ABSTRACT

While this chapter incorporates the methodology used in Chapters 1–3, it investigates Erskine Childers’s mode of masculine self-determination during the late-Victorian/Edwardian period. While still operating within the overall objectives of the British Empire, Davies and Carruthers, as amateur spies, initiate and execute an intelligence-gathering mission as private citizens, who not only lacked the imprimatur of the British government, but also took the initiative to become de facto agents without the crown’s knowledge of their transnational activities. In acting autonomously, they demonstrated clear traits of self-determination not only as amateur spies, but as men who chose to boldly face the challenges of sea and sailing, using the forces of Nature as a preparation regimen to train for future encounters with an imperial enemy methodically building its fleet to challenge England’s sea superiority.
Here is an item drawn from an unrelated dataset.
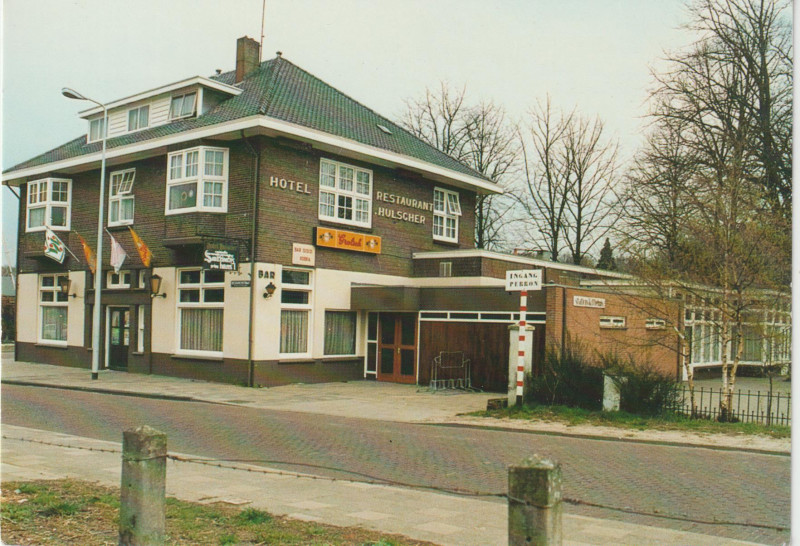 Beckumerstraat 2 cafe restaurant Hulscher 1983.jpeg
Likewise, Rainer Boldt’s 1985 film series functions within the framework of masculine self-determination, but rather than Childers’s affirmation of martial competition among empires, Boldt seeks to break the spell of imperialistic notions of fate in shaping postwar West German masculinity by purposely offering a historical parallel between the Anglo-Prussian naval arms race leading up to World War I and the nuclear arms race between the United States and the Soviet Union leading up to the pivotal year of 1985 that marked a vital turning point in East-West hostilities and nuclear disarmament. Boldt thus takes Childers’s use of natural self-determination to affirm an imperialist agenda and then reconstitutes this agenda as a means of dissolving the very logic of war-based conflict itself.